寝起きの春人とは対照的に明るい顔だった。昨日の事を引き摺っている様子は無かった。
「おはよう」
春人はそう返事をする。若干低い陰鬱な声が出てしまったが寝起きなので仕方がない。声を整えるように咳払いをする。
「よく寝られました?」
少女ーーフレアはそんな春人を気にした様子もなくそう尋ねてくる。
「まぁ、それなりに。フレアは?」
熟睡した程ではないが、眠れなかったわけではない。
「少し緊張して寝つきは悪かったですけど、ベッドが良かったから寝てからはぐっすりと」
晴れやかな表情から眠気を残している様子は伺えない。ベッドの寝心地が良かったのは春人も同意見だ。しかし、それでも状況が状況なのだからなかなか眠れなかったのも本当だろう。これから長く過酷な旅が始まる。
「そうか。まぁ、今日から……だもんな」
自身で呟いて実感する。今日、いや、この後すぐに旅が始まる。
正直、ここに来て未だに頭が追いついていない。
ここが異世界であること。そして、炎の勇者ーーフレアと共に氷の神殿と呼ばる場所へ行き封印をすること。
ゲームの設定のような言葉の羅列に実感が湧かない。
恐怖はある。しかし、現実的な恐怖は未だに感じられない。
「はい」
春人のしみじみとした言葉にフレアの表情に影が差す。
春人よりずっとこの世界の現実を知っている彼女にとって、春人には計り知れない憂懼に襲われていることだろう。

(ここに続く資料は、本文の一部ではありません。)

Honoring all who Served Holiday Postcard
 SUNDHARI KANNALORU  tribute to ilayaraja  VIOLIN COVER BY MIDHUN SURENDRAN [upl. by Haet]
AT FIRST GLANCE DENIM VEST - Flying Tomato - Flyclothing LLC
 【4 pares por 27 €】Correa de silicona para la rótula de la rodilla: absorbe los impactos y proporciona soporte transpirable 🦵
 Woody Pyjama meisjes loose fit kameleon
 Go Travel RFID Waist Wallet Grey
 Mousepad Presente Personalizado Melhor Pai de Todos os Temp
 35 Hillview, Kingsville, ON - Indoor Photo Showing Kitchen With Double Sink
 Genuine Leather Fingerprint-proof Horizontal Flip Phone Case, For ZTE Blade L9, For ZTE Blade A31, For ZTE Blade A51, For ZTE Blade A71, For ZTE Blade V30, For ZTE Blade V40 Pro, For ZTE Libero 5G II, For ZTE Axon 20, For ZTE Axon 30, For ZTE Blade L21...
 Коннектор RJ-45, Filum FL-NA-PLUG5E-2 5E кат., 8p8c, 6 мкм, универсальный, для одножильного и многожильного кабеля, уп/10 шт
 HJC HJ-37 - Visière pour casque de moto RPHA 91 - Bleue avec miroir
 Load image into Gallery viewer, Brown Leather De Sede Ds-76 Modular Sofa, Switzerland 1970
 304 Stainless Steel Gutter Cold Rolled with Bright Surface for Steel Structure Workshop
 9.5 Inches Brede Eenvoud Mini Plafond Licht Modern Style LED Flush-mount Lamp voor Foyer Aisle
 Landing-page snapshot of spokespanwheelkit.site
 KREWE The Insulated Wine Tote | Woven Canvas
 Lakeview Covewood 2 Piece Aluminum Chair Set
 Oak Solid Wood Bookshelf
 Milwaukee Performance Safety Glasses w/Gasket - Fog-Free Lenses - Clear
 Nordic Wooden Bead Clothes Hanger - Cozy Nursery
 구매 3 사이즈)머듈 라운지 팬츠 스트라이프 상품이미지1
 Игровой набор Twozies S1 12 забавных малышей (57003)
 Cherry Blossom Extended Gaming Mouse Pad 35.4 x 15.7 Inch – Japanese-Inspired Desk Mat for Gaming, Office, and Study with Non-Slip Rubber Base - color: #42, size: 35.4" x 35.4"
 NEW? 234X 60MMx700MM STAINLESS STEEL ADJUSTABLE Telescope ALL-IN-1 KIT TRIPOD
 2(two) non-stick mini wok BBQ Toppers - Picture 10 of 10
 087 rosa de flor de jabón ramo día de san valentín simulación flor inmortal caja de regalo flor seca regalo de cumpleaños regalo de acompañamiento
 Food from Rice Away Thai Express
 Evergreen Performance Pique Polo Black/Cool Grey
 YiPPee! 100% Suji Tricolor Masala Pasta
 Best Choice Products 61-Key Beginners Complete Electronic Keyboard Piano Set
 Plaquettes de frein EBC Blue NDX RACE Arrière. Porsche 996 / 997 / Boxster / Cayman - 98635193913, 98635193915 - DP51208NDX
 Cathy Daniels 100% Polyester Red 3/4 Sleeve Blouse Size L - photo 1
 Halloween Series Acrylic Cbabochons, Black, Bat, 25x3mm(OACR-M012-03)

「荷物……持っていった方がいいのかな。朝食とか出ると思う?」
彼女の気を反らすように春人はそう問いかける。
自分で言って腹具合を確認する。寝起きの所為かそこまで空腹ではない。
「わかりませんが、わたしは荷物持って行こうかなと」
フレアはそう答えた。ふと、彼女の足元近くに荷物が置かれている事に気づいた。既に出発する支度も整えているようだ。そうなると彼女はずっと早くから起きていたということになる。そして、こうして春人の扉の近くで春人が起きてくるのを待っていたのかもしれない。起こしてくれればいいのにという気持ちはあったが、春人に気を使って起こさなかったのかもしれない。
「そうだな、持って行くことにしよう」
春人はそう言って、自分の荷物を纏める為に一時部屋に戻る事にした。
荷物をまとめて支度を整えた後、フレアと共にフロントロビーへ向かう。
階段を降りて、だだっ広い赤を基調としたフロントロビーに着く。明らかに庶民の生涯年収を超えてそうな絵画が出迎える。また割ってしまったら洒落にならなそうな陶芸品が装飾として置かれていた。
ロビーには従業員以外に既にバーグやエレクトラ、ディアのの三人の姿があった。
バーグはホテルの支配人のクリフ・モリスと話をしている。クリフはあの後、フレアと春人の部屋に挨拶に来た。
エレクトラはロビーの緑色の高級ソファーに座りつまらなさそうな顔をしていた。
ディアは相変わらず他人の挙動にビクついて不審であった。
そんな三人も近くに荷物が置かれており、服装もゆったりしたものではなく、謁見の間で纏っていた服装だった。既に旅の支度は出来ているようだった。春人は荷物を持ってきて良かったと安堵する。
その主要の三人の他に支配人のクリフ・モリスを始めホテルの従業員、フレアと春人がお世話になったジョージ・モリス。宮廷の玉座で会ったバレット宰相、エドガー・アダムス卿の姿があった。
「おはようございます、フレア様、春人様」
こちらの存在に気づいたジョージが寄ってきてにこかやに挨拶をしてくる。
「おはようございます」
フレアは返事をする。春人も合わせるように挨拶を返した。
「すみません、お待たせしてしまったようで」
フレアはそう言って謝罪する。春人たちが来た時には既に皆が集まっている感じではあった。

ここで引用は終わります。